New Research Offers Hope for Soldiers With Brain Injuries
Harvard researchers discover mysteries behind the brain
For the first time since military forces in Iraq and Afghanistan began using makeshift bombs, there is new research that offers hope for U.S. soldiers wounded by explosions.
Bioengineers at Harvard University can now explain how the blast of an exploding bomb can result in disastrous injuries in the nerve cells and blood vessels of the brain.
Researchers discovered this week that if a soldier is near a bomb when it explodes, it sets off a chain reaction of destructive molecular signals within the nerve cells of the brain.
The result, if the patient survives, can be a temporary concussion that leads to a more dangerous hemorrhage or long-term traumatic brain injury ending in the early onset of Parkinson’s or Alzheimer’s diseases.
"The force of the bomb basically disconnects the neurons from each other and collapses the cellular networks that constitute the brain," according to the new report.
The research began at Harvard because blast-induced traumatic brain injury is now the most prevalent military injury in Iraq and Afghanistan.
Biologists, physicists, engineers, and materials scientists have been collaborating on the study of brain injury and future treatment.
Harvard researchers say when the brain encounters a jarring force, such as an exploding roadside bomb, its delicate tissue slams against the skull.

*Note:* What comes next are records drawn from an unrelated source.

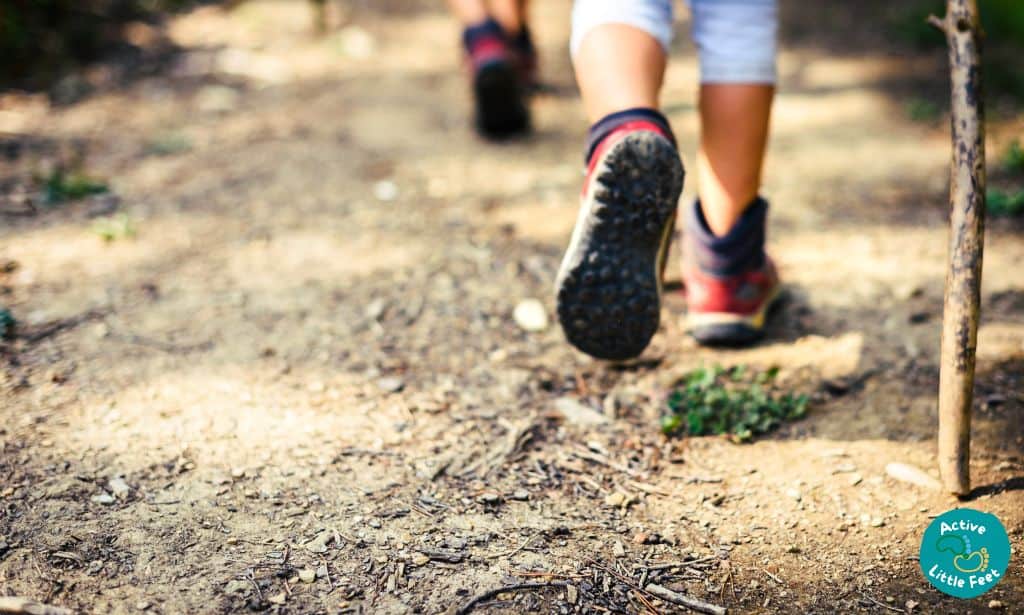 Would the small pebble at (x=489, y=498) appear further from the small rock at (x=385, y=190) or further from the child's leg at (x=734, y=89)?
the small rock at (x=385, y=190)

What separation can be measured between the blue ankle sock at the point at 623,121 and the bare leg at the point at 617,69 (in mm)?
16

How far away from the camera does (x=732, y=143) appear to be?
1.83 m

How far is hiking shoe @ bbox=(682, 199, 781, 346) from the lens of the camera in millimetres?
1911

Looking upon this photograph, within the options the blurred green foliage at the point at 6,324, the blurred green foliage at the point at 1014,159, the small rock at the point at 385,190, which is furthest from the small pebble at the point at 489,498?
the blurred green foliage at the point at 1014,159

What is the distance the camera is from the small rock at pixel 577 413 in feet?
5.65

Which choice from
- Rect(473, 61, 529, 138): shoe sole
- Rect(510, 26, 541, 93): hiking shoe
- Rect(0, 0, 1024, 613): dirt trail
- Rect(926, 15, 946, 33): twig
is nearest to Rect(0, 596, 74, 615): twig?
Rect(0, 0, 1024, 613): dirt trail

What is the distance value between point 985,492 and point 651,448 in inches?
22.9

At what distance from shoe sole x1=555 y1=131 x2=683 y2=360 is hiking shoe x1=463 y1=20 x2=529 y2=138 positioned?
1.53m

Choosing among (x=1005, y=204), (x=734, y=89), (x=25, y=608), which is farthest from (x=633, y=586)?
(x=1005, y=204)

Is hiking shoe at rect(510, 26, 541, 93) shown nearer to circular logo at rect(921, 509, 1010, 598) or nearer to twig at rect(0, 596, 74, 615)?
circular logo at rect(921, 509, 1010, 598)

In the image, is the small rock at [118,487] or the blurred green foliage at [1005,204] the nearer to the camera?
the small rock at [118,487]

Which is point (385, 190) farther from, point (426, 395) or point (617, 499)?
point (617, 499)

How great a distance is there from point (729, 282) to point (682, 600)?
0.88 metres

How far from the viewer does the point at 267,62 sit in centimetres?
397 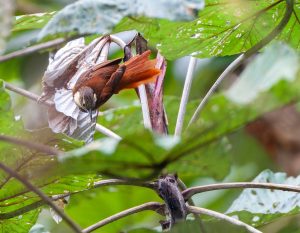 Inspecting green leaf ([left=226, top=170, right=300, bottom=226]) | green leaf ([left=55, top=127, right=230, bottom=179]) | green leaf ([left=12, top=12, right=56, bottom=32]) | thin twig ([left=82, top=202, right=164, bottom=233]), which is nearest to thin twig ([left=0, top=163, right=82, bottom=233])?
green leaf ([left=55, top=127, right=230, bottom=179])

The blast from the explosion creates a surge in blood pressure, which stretches the walls of the blood vessels in the brain.
“These results have been a long time coming,” said lead investigator Kevin Kit Parker, a professor of bioengineering at Harvard’s School of Engineering and Applied Sciences and a major in the U.S. Army.
“So many young men and women are returning from military service with brain injuries, and we just don’t know how to help them.”
The research at Harvard is the first of its kind as it addresses two major aspects of traumatic brain injury calling for new medical treatment of soldiers wounded by explosions.
Researchers say little is known about the mechanical effects of blasts on the human head. Even less is known about how personal protective equipment affects the brain’s response to blasts.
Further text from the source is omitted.